Among the records that follow, set down only the lines from the one containing "Cây Giống Mít Nghệ" to the one containing "is formed by", both included, exactly.
►
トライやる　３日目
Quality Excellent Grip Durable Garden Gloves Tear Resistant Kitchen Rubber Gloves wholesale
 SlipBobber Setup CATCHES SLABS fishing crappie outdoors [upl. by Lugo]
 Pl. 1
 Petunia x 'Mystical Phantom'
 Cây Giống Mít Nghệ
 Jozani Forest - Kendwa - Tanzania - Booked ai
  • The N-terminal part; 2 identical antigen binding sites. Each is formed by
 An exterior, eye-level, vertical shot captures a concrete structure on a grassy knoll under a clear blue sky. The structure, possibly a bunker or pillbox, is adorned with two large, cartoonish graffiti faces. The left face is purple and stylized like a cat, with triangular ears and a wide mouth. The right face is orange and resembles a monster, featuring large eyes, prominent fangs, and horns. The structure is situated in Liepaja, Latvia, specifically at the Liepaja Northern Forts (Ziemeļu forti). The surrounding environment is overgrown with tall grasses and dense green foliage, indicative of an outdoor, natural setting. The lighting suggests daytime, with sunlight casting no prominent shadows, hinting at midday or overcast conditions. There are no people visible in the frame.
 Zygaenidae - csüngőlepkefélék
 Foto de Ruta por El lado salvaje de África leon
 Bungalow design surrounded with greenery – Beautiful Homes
◄
» **Answer for the task**:
 Cây Giống Mít Nghệ
 Jozani Forest - Kendwa - Tanzania - Booked ai
  • The N-terminal part; 2 identical antigen binding sites. Each is formed by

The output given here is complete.